RECORDS:
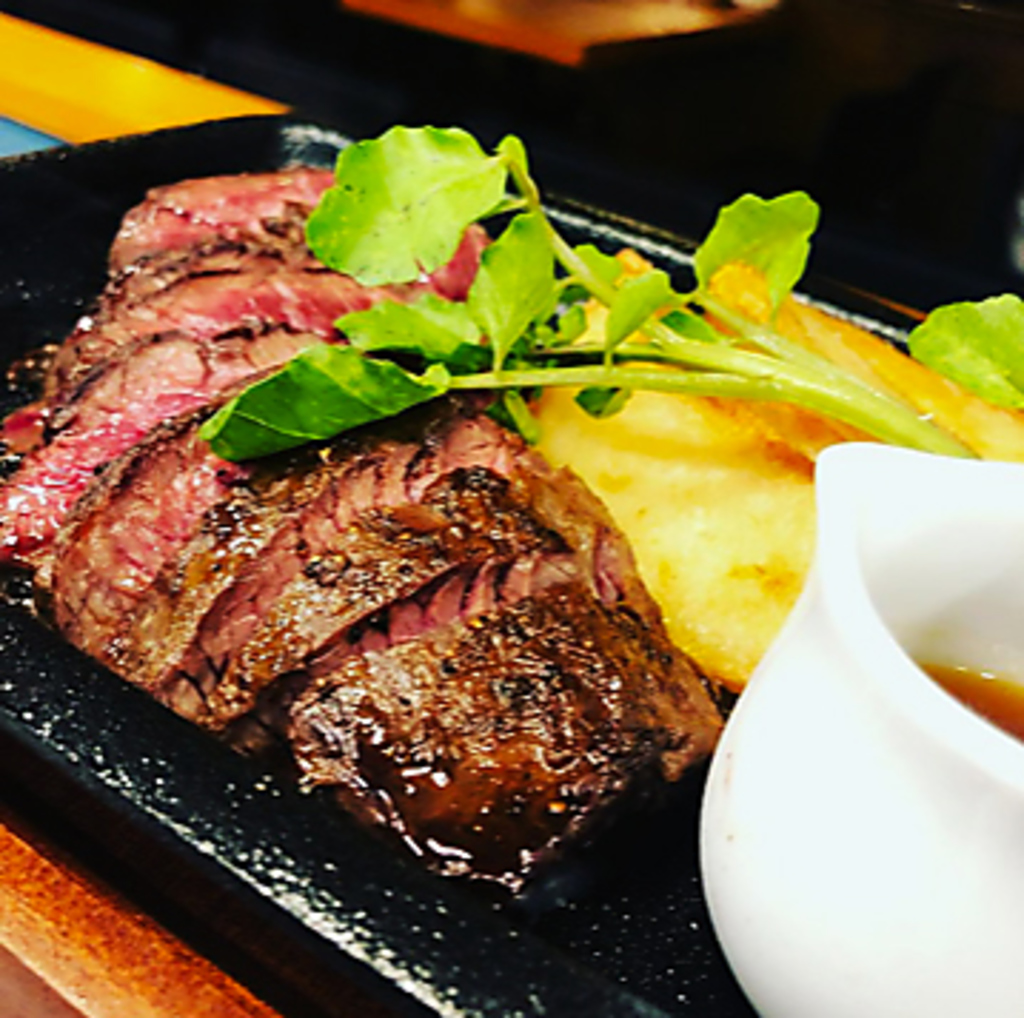 駅前すぐそば♪旧さくらのさん裏の隠れ家バルにようこそ！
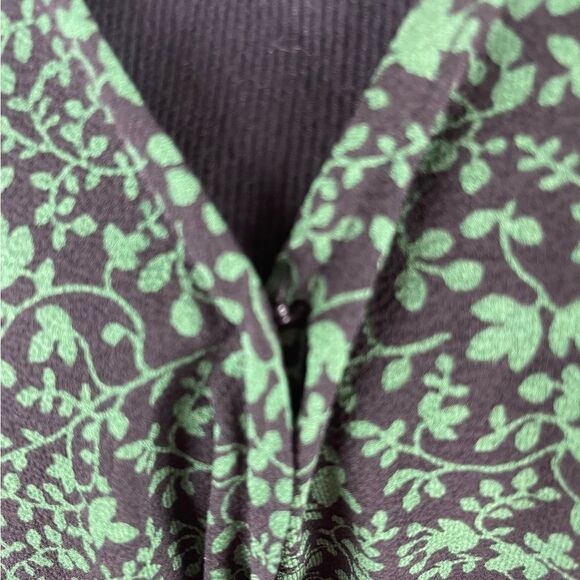 Michael Kors black & moss green floral print wrap front blouse sz PS, PM,XS, XXL - Picture 7 of 8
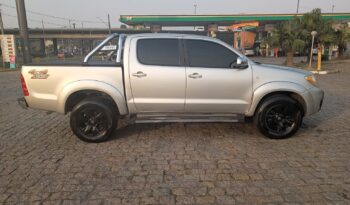 TOYOTA/ HILUX CD 4X4 full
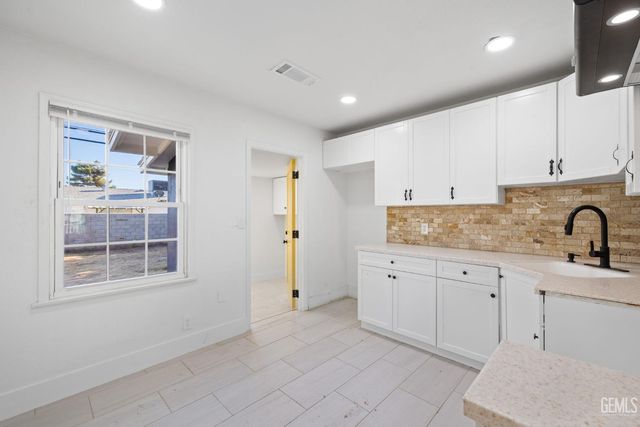 1209 Woodrow Avenue, Bakersfield, CA 93308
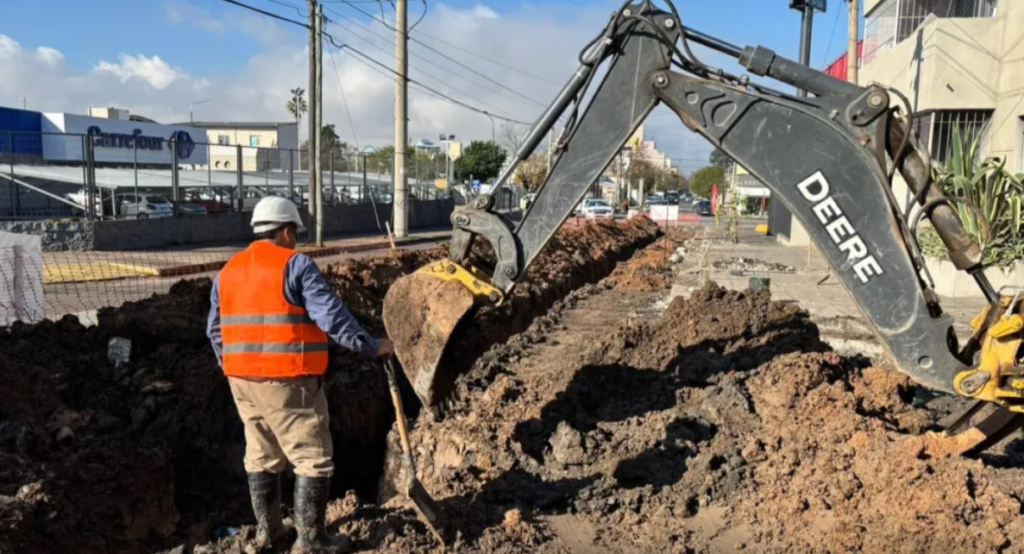 AGUAS DEL NORTE: Renovó más de 120 metros de cañerías en calle Junín para mejorar el servicio de agua potable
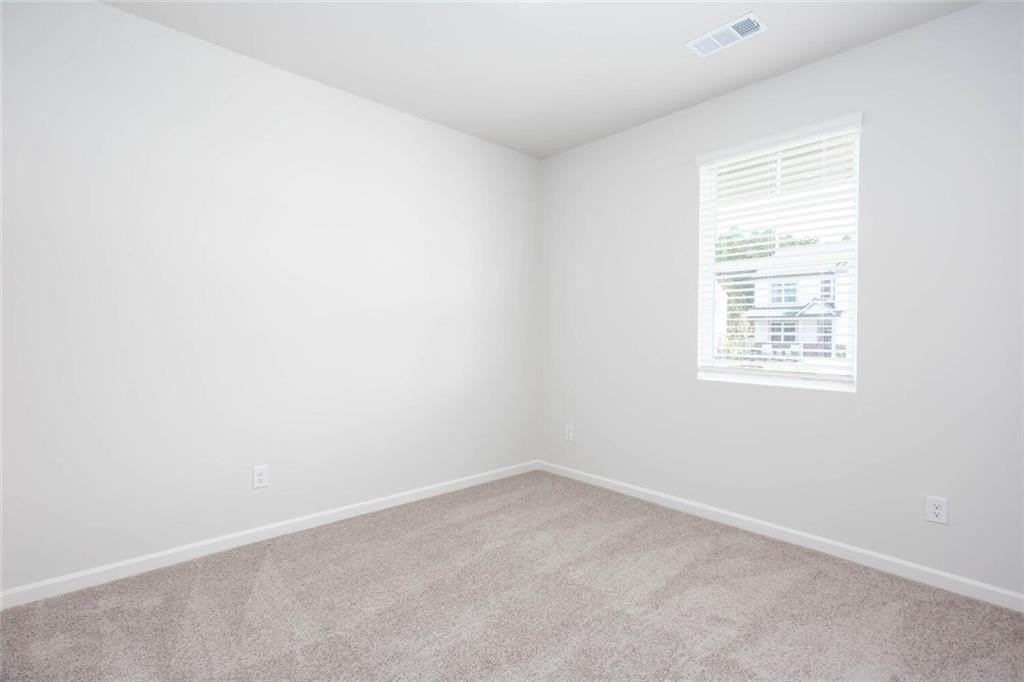 65 Grove Springs Ct Se - Photo 4 of 39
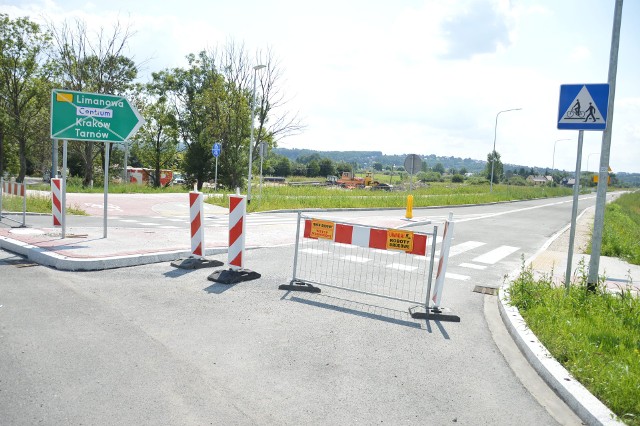 I etap łącznika autostradowego w Bochni jest już gotowy, trwa oczekiwanie na odbiór kluczowego odcinka pomiędzy rondem obok Bocheńskiej Strefy Aktywności Gospodarczej a rondem w ciągu ulicy Krzeczowskiej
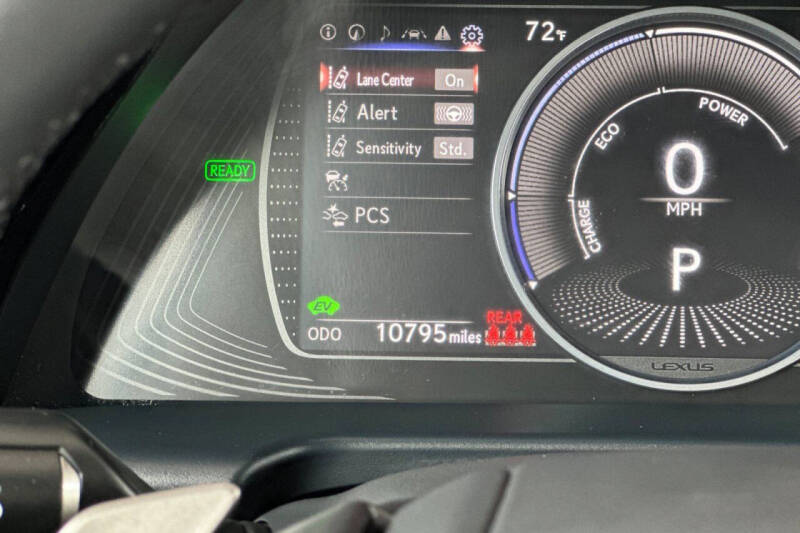 2025 Lexus ES 300h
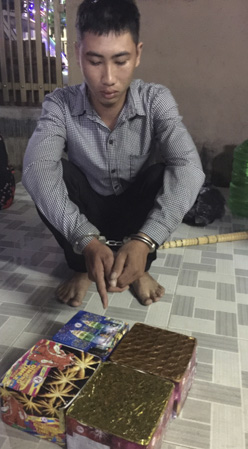 Đối tượng Vương Văn Thanh cùng tang vật vụ án mua - bán trái phép pháo ngày 9/12/2019 tại xã  Phước Hưng, huyện Long Điền.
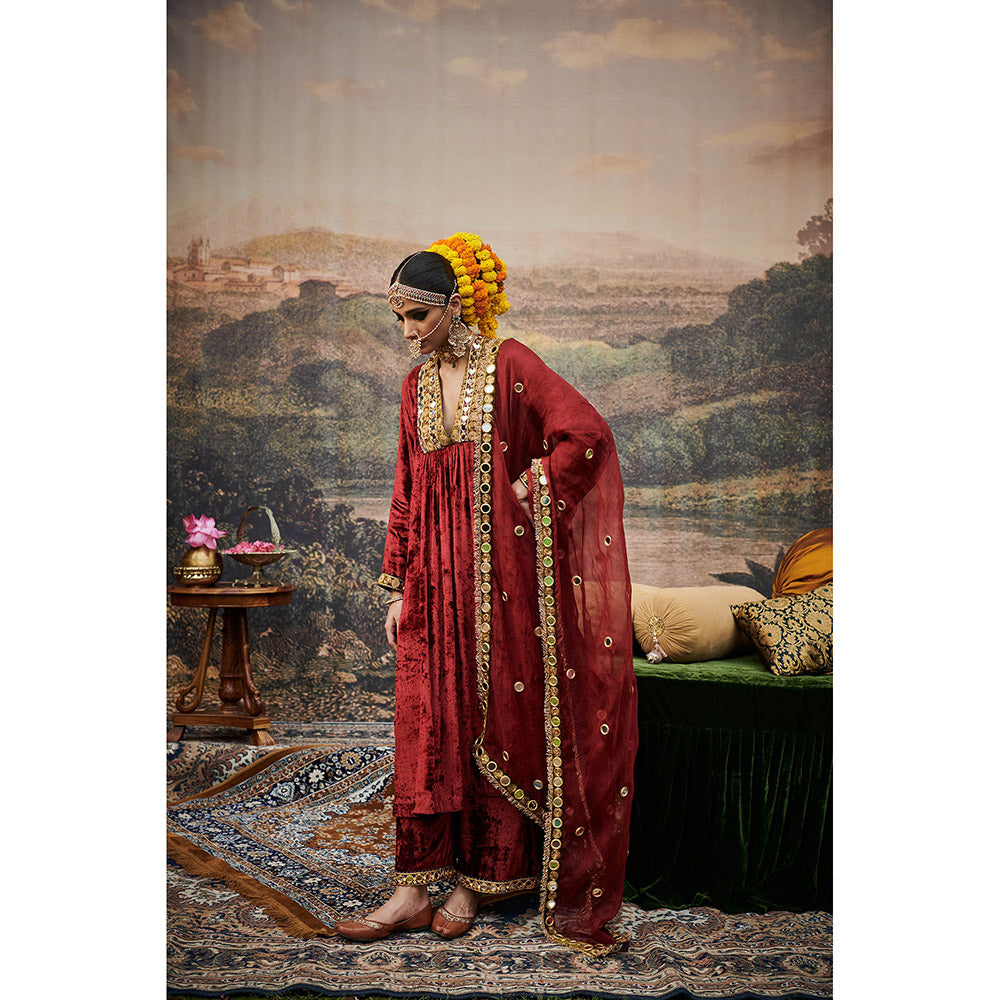 ITRH Red Surkh Shahi Kurta with Pant and Dupatta (Set of 3)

REQUIRED WORK:
Go to the line that contains "I etap łącznika" and copy exactly from there through the last line of the records above, both included. Omit pictures.

RESULT FOR THIS EXERCISE:
 I etap łącznika autostradowego w Bochni jest już gotowy, trwa oczekiwanie na odbiór kluczowego odcinka pomiędzy rondem obok Bocheńskiej Strefy Aktywności Gospodarczej a rondem w ciągu ulicy Krzeczowskiej
 2025 Lexus ES 300h
 Đối tượng Vương Văn Thanh cùng tang vật vụ án mua - bán trái phép pháo ngày 9/12/2019 tại xã  Phước Hưng, huyện Long Điền.
 ITRH Red Surkh Shahi Kurta with Pant and Dupatta (Set of 3)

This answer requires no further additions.